(Scraped caption text data)
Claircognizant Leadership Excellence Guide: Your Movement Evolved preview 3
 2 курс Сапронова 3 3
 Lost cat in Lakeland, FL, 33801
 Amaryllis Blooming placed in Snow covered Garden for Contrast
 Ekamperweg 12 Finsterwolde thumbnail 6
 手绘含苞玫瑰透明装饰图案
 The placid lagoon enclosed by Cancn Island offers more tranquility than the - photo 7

#### [What to do]
With the line containing "手绘含苞玫瑰透明装饰图案" as the first and the final line of the entries above as the last, write out that span exactly and nothing more.

#### [Task solution]
 手绘含苞玫瑰透明装饰图案
 The placid lagoon enclosed by Cancn Island offers more tranquility than the - photo 7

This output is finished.